Really, I don't know why there's no liberal party in this country that's not afraid to start pushing the slogan that there are now two types of people associated with the Republican Party: millionaires and suckers. In fact, I'd even say that the Republicans have swerved so far from the "limited government" idea that traditional conservatives espouse that it's hard to classify the party anymore. Let's take a look at a few numbers.

The war in Iraq has already cost $500 billion. Joseph Stiglitz and Linda Blimes have estimated that the Iraq war will eventually cost $3 trillion. I believe this is one of three things that will eventually cause another Great Depression-scale period for this country. The $500 bil that's already been spent is absorbable, barely- though I think it would've been far better spent on darn near anything else, whether it was investing in alternative energy infrastructure(I also am amazed by Bush's ineptitude regarding the Strategic Petroleum Reserve) and research or paying down the other $9 trillion of national debt.

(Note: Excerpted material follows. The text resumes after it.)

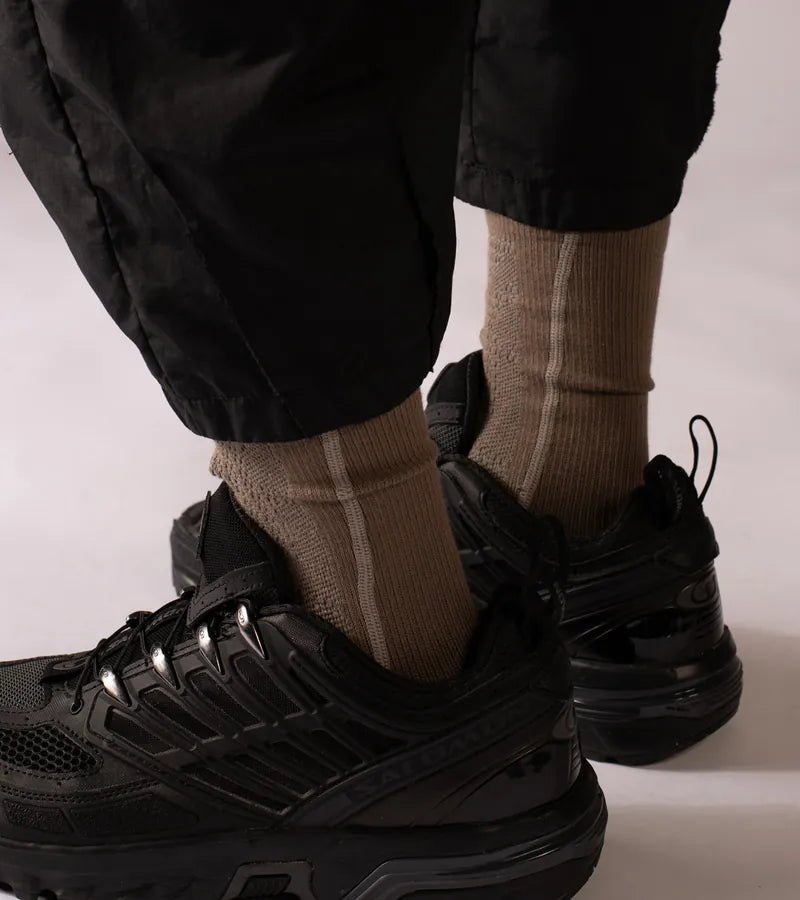 Line Brn - Flat-sew midcalf socks - BEV C multi label store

The Dems should also be hammering on the Republicans on the Bear Stearns bailout. Having the Fed guarantee $30 billion of Bear Stearns' assets...well, this is, to put it bluntly, corporate welfare. Heads JP Morgan Chase wins. Tails the American taxpayer loses, to the tune of about $100 each. $30 billion is a fuckton of money. By comparison, Temporary Assistance for Needy Families(TANF)- what's commonly known as welfare- costs about $16.5 billion a year. The next time any "compassionate conservative" opens his or her piehole about welfare, they should be hammered with the Bear Stearns bailout. The Republican management believes that the free market is the best allocator of resources...until it's their own that takes it in the nuts.

Bear Stearns is only the beginning, of course. I'm not exactly impressed by what I've been hearing about the Lehman Brothers' portfolio, for example. By the time the smoke clears, I expect at least one and possibly as many as three major investment banks requiring federal intervention. The taxpayer, of course, will foot the bill. If I didn't think massive inflation was going to be an issue and if I had more of a bankroll, I'd seriously consider buying puts.

The Republicans wanted deregulation. They got it. And now the subprime debacle is giving them all the deregulated market they want. The next time deregulation comes up, the Democrats need to bring up the subprime meltdown.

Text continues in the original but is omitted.